Seorang teman mengirim pesan singkat dan bertanya: “Berapa lamakah masa prapaskah itu?” Saya menjawab: “40 hari”. “Bagaimana cara mendapatkan angka 40 itu?” Ia bertanya lagi. Maka saya berusaha menjelaskannya sebagai berikut:

Kita Perlu melihat kembali ke masa awal Gereja. Murid-murid Kristus adalah orang-orang Yahudi tulen. Mereka dibesarkan dalam tradisi di mana hari Sabat adalah hari istirahat karena merupakan hari ketujuh dalam kisah penciptaan. Dalam kisah Penciptaan, hari ketujuh adalah hari istirahatnya Tuhan (Kej 2:2-3). Pengalaman lain dari para murid Kristus adalah kepercayaan bahwa Yesus bangkit pada “hari pertama minggu itu” (Mat 28:1; Mrk 16:2.9; Luk 24:1; Yoh 20:1). Hari pertama lalu dianggap sebagai hari kebangkitan Yesus Kristus. Kebangkitan Kristus membuat manusia menjadi ciptaan baru di hadapan Tuhan Allah. Dengan demikian para murid memindahkan ibadat mereka dari hari Sabtu ke Hari Minggu. Inilah yang disebut sebagai hari Tuhan (Dies Domini).

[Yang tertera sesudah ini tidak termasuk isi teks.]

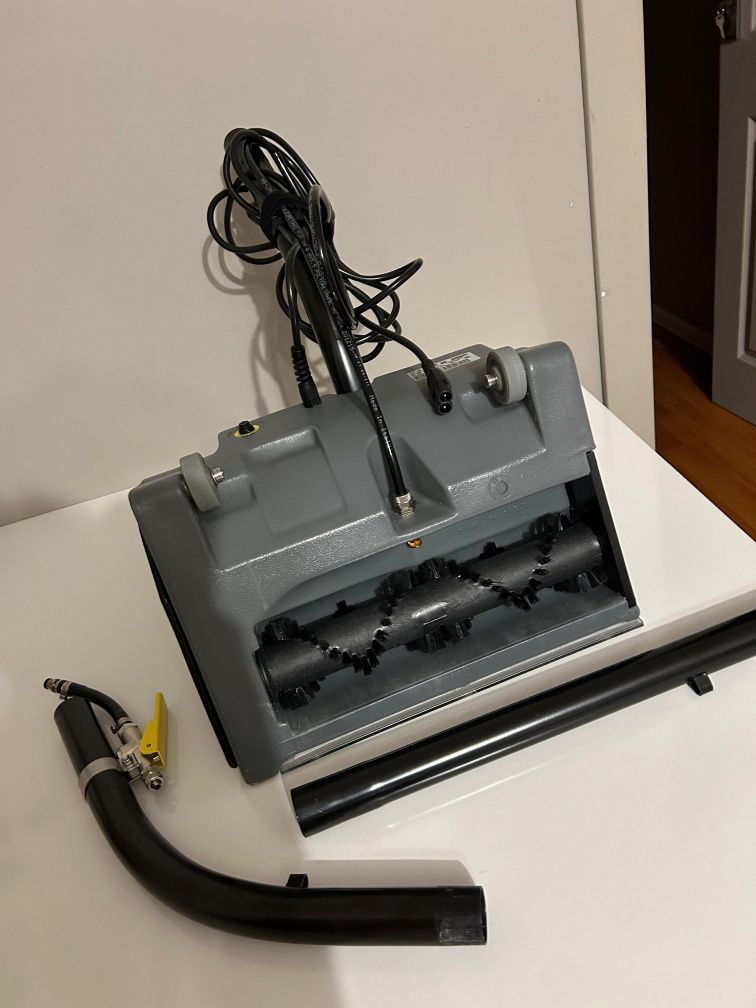 Kärcher Электрощетка моющая PW 30/1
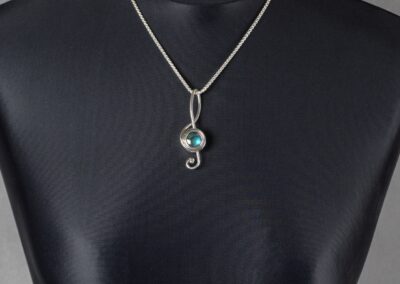 Silver Treble Clef Compass pendant with labradorite (G510)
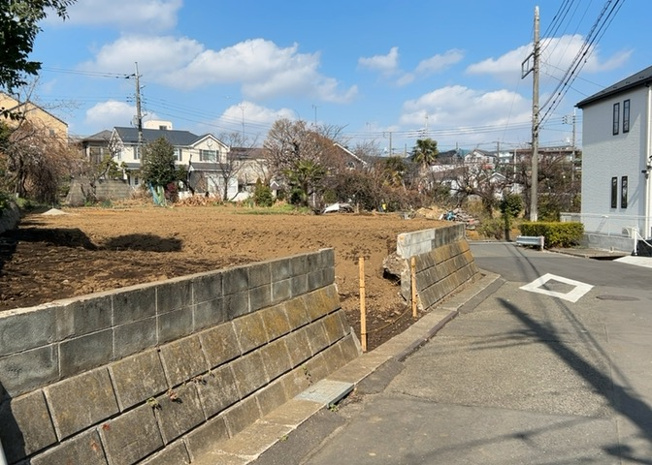 【外観】 | 隣家の土地はどうなっているのか、生活利便施設が近くにあるのか、学校まで近いかなど、お客様のライフスタイルにあわせたイメージが重要です。また、近くにあると困る施設が近くにないかも確認するといいでしょう。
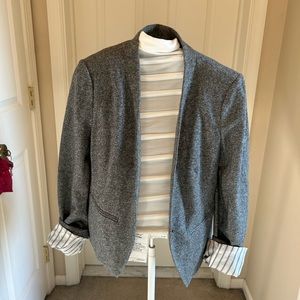 Grey blazer, with fold over cuff. Adorable for office or going out. Size 4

Bagi para murid dan pemahaman gereja perdana, setiap hari minggu adalah hari mengenang kebangkitan Kristus (paskah mingguan). Oleh Karena itu orang Kristen dilarang untuk berpuasa dan melakukan bentuk-bentuk penebusan dosa pada hari Minggu. Ketika Gereja memperluas periode puasa dan doa dalam persiapan untuk Paskah dari beberapa hari sampai 40 hari (mengikuti puasanya Kristus di padang gurun, sebelum Ia memulai pelayanan-Nya), maka hari Minggu tidak dapat dimasukkan dalam hitungan sebagai hari puasa.

Dengan demikian, agar hari-hari Prapaskah berjumlah 40 hari maka diperlukan waktu enam minggu penuh (dengan enam hari puasa dalam setiap minggu) ditambah empat ekstra hari-hari Rabu Abu dan Kamis, Jumat, dan Sabtu yang mengikutinya. Enam kali enam adalah tiga puluh enam, ditambah empat sama dengan empat puluh. Inilah cara perhitungan  sampai pada 40 hari Prapaskah!